All the data below goes into the copy word for word, but the pictures don't.

** DATASET CONTENT follows **

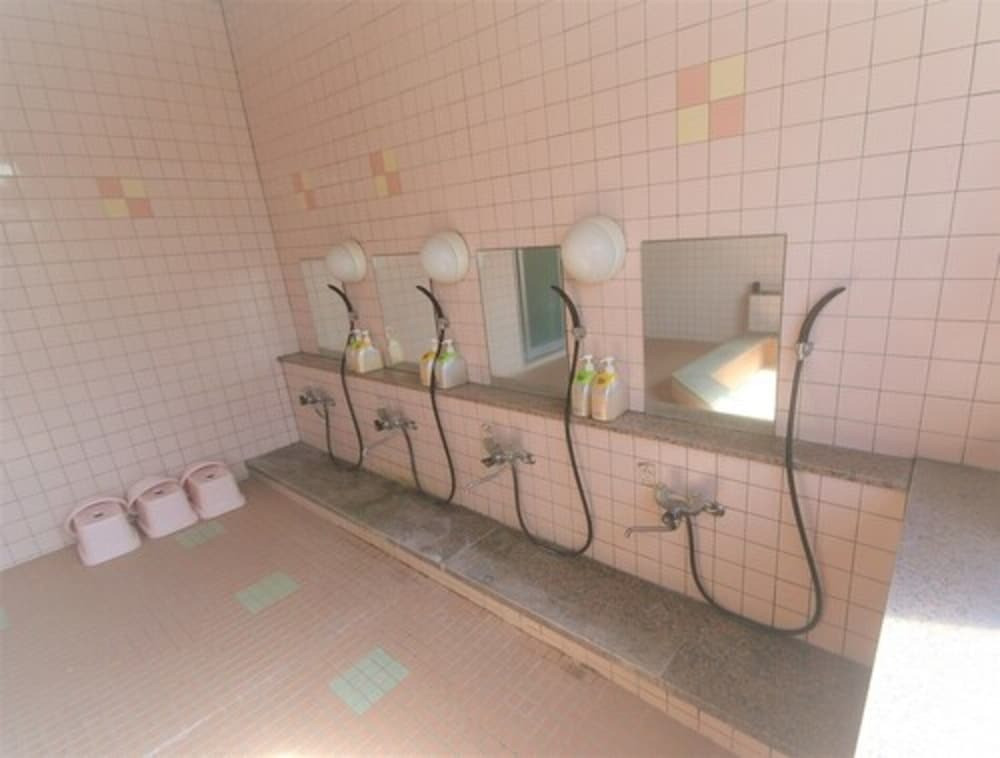 共用バスルーム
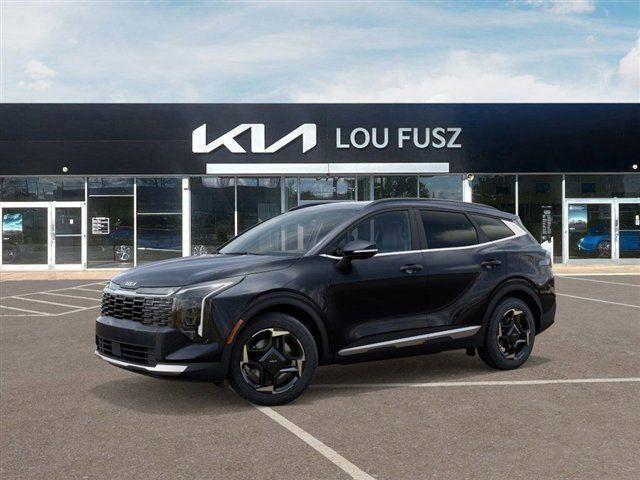 new 2026 Kia Sportage car, priced at $30,995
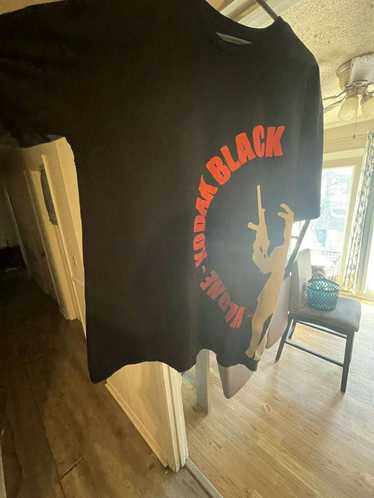 Kodak × Vlone Kodak Black Vlone tee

** End of DATASET CONTENT **

## SOLUTION
 共用バスルーム
 new 2026 Kia Sportage car, priced at $30,995
 Kodak × Vlone Kodak Black Vlone tee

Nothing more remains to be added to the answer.